1. Menos nacional, más liberal
El planisferio invertido permite reconstruir, a partir del pensamiento de Raúl Alfonsín, muchos de los momentos y debates más relevantes de la historia contemporánea. En primer lugar, se destaca la originalidad del ideario del ex presidente al poner la democracia en el centro de su propuesta. La democracia como estrategia, como medio y fin al mismo tiempo, supuso una ruptura con las ideas dominantes en la política argentina del siglo XX. Ya en los años ‘70 Alfonsín tuvo claro que la democracia debía ser el centro del proyecto que sacara a la Argentina de la violencia política y social. Sin embargo, aún mantenía la convicción de que los fracasos económicos estaban relacionados con los intereses de las minorías oligárquicas que concentraban la riqueza del país. En este sentido, sus ideas económicas seguían ancladas en la Declaración de Avellaneda, que una parte del radicalismo había firmado en 1945. A partir de la apertura política, y sobre la necesidad de pensar cómo confrontar con el peronismo, Alfonsín dio otro paso más en su ruptura conceptual sobre la cuestión argentina.
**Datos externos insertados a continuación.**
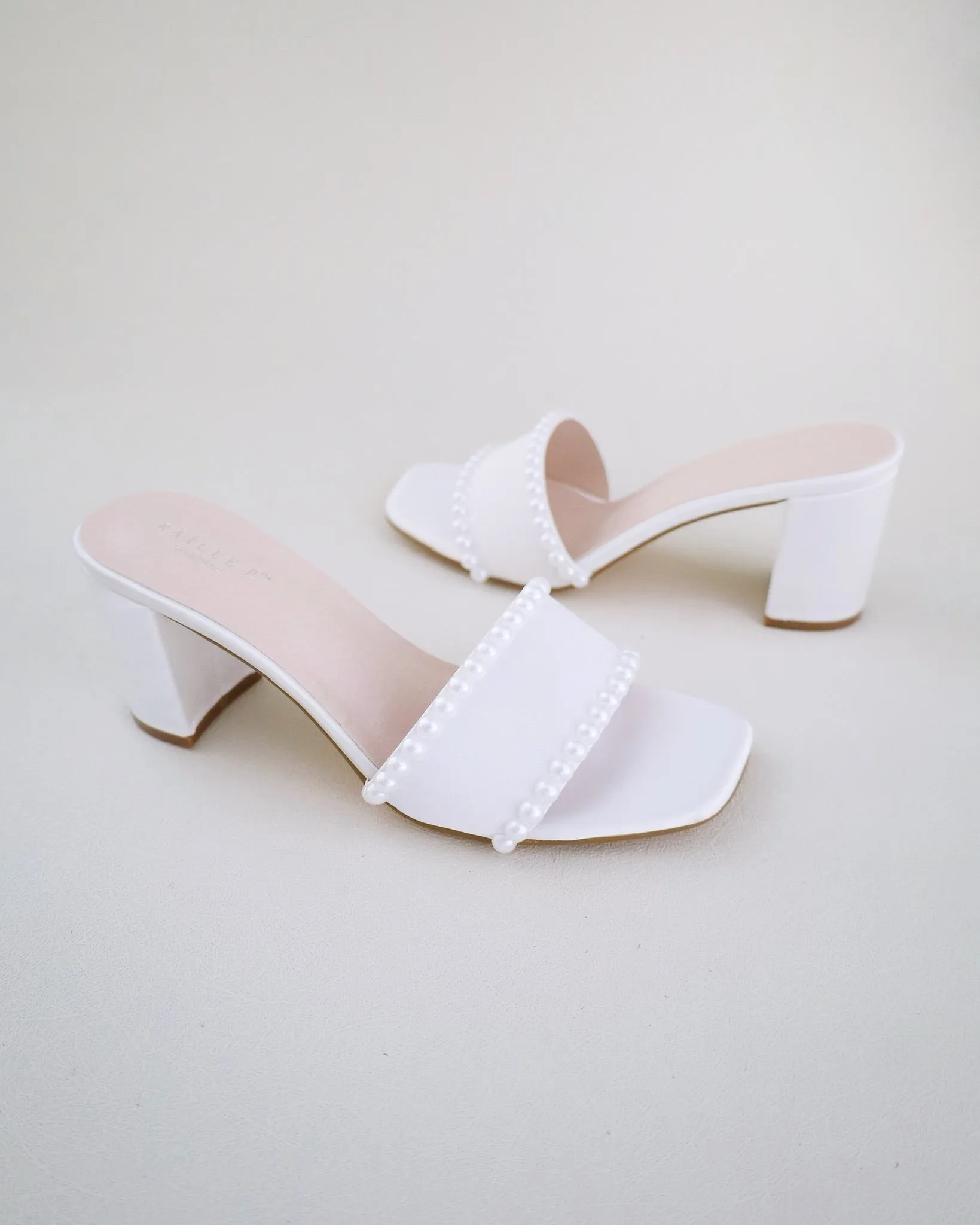 Satin Block Heels Slide Wedding Sandals with Pearls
Buscaba sacar la cuestión social de las barricadas, pero también “des-corporativizarla” para poder contenerla dentro del proceso democrático y hacerla compatible con un proceso de acumulación de capital que dinamizara el desarrollo económico.
‘El planisferio invertido’ permite reconstruir, a partir del pensamiento de Raúl Alfonsín, muchos de los momentos y debates más relevantes de la historia contemporánea.
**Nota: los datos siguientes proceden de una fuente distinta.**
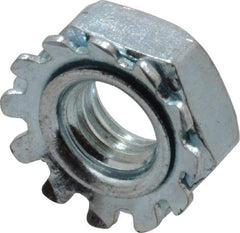 Value Collection - #10-32, Zinc Plated, Steel Hex Nut with External Tooth Washer - 13/32" Washer Diam, 3/8" Width Across Flats - Apex Tool & Supply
El grupo Esmeralda y el discurso de Parque Norte, de 1985, le dieron un nuevo marco conceptual para salir de las categorías tradicionales del pensamiento radical. En ese sentido, el equipo económico de Juan Vital Sourrouille contribuyó con un plan de estabilización (que funcionó por un tiempo) y una alternativa superadora a las viejas ideas económicas del consenso nacional-popular que tan bien había descripto Adolfo Canitrot en 1975. Sin embargo, Alfonsín carecía de una hoja de ruta integral para llevar adelante su programa anti-corporativo. Por un lado, la estabilidad económica parecía una condición necesaria pero no suficiente. Pero por otro, no lograba construir un programa integral de reformas que terminara con el corporativismo. Un sistema de reformas que incluyera, por ejemplo, reformar el Estado, las regulaciones laborales y el proteccionismo económico: construir un sistema económico más liberal, un sistema de protección social más universal y un Estado más inteligente para proveer bienes públicos de calidad.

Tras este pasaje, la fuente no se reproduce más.